I was this close to agreeing, as we all tend to do in automatic response, especially when we’re either ambivalent, in major disagreement about, or simply uninterested in arguing a counterpoint. But, I stopped and really questioned my own thoughts on the topic. If given the choice, would I keep our son in a bubble of protection, away from the ugliness of the world? If presented my own bottled genie or magic wand, would I choose a life for him of total isolation from grief, rejection and pain? Believe it or not, I wouldn’t.
I love our two-year-old more than anything in existence. I would give my own life for his without hesitation. I am obsessed with everything about him: his big, soft, curious, hazel doe-y eyes, his plump cheeks and delicious baby jowls, his giggles, his scent, his wispy snow-white hair that gets attention everywhere we go, his ruby heart-shaped lips.

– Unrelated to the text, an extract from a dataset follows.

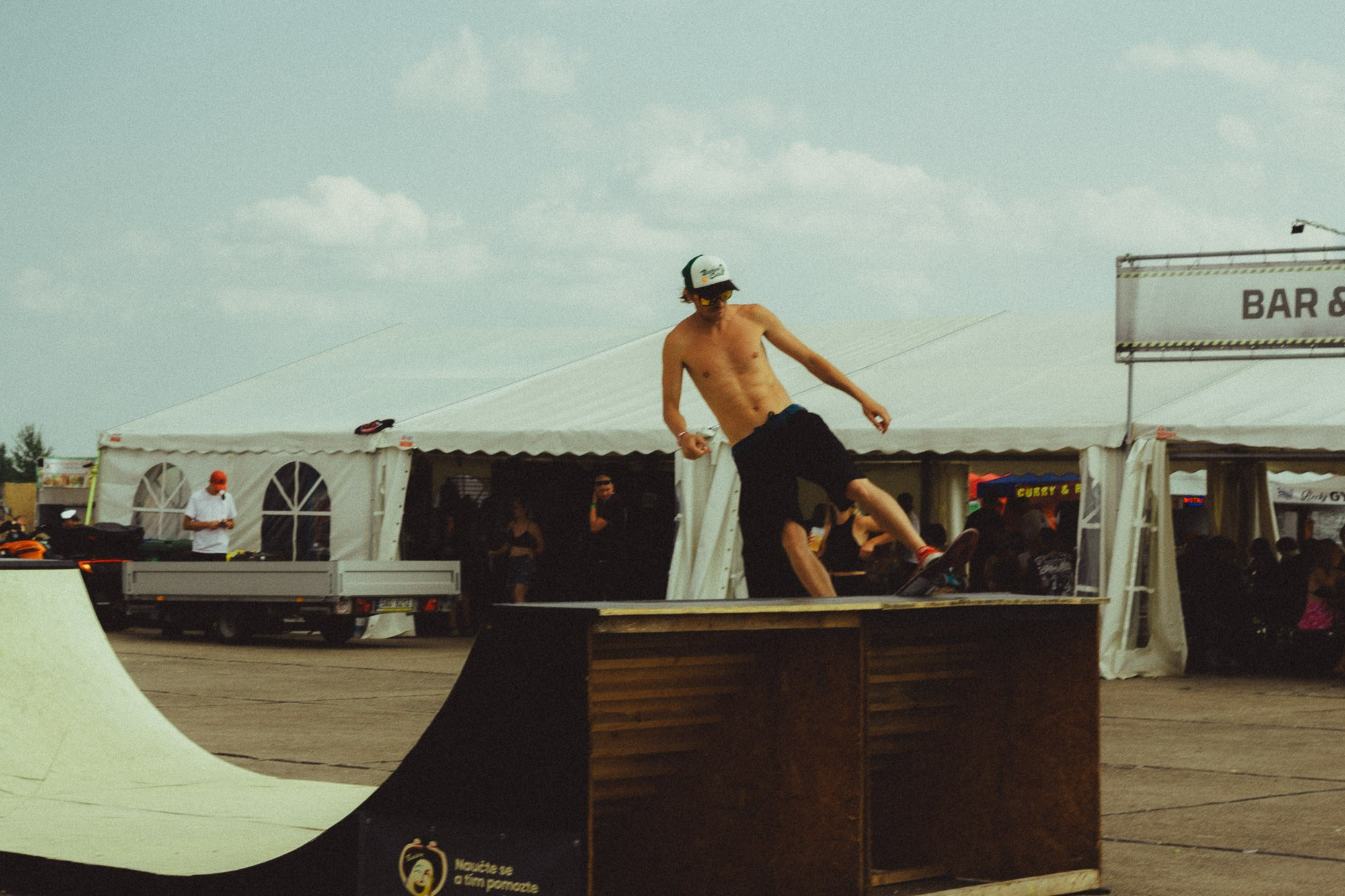 Let it roll. Photo by lenozavra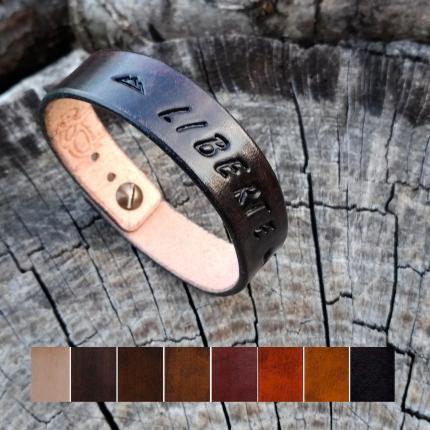 Bracelet en cuir noir antique, mot martelé personnalisé (LIBERTE) fermé par bouton de col, couleur au choix et sur mesure, artis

There is nothing I wouldn’t protect him from, just like any mother would. However, I would never shield him from the immense growth that only reality can offer. I want to be selfish here, I really do, but by protecting him from real life, I would only be doing him a disservice.
My goal as a mother is to give our little boy the best possible life. Financially, emotionally, physically, and of course, ripe with experiences. And sometimes that’s going to mean allowing him experiences that involve a lot of discomfort. Don’t get me wrong, the mama bear in me will intrinsically catch him, protect him and be there to hold him tightly and wipe away his tears; but I think it is crucial that we permit him to fall down and skin his knees, to not be invited to every birthday party, to bury a family pet rather than telling him it “ran away,” to get his heart broken, to experience failure, or to be last-picked on the basketball team.
I need our son to know that, as much as we worship the ground he toddles (and stumbles) on, not everyone in this world will. I need him to grow up to become a strong man who is unshaken in the face of adversity; someone confident because of his failures in life; a backbone that is resilient in large part because when life was unfair to him, we told him the truth, offered him tools to enable him to cope, and taught him how to use them.
I know parents today raise their children under a very overprotective umbrella, and I understand how strong that pull is. However, I know in the big-picture perspective, the need to keep our children in a utopian bubble comes from our own fear. And living with, and raising a child based on fear is the opposite of living. If we aren’t preparing our children for the heavy range of emotion life presents as they approach adolescence, academics, first love and the first broken heart, the job market, financial responsibility, and later, maybe a family of their own, where will that emotional, physical and intellectual inexperience leave them?
In my personal (and at times, very painful) experience, my mistakes define me as equally as my accomplishments. In some respect, I am more proud of the moments that broke me into a million pieces, because I knew the only way back to the top was to humble myself, sharpen my senses, hone these new emotional skills, and prepare myself for the next time life, love, or another person tried to knock me down.
Do I want our son to experience pain? Of course not. Idealistically, that word wouldn’t exist in our world. But, it does. And he will experience it no matter how hard we try to resist. So, the way I am raising my son, is to expect pain, acknowledge it, respect it, and embrace those moments that knock him so hard that there’s nothing else to do but allow it to make him a more evolved, compassionate, humble human being. That’s the type of person this world needs more of.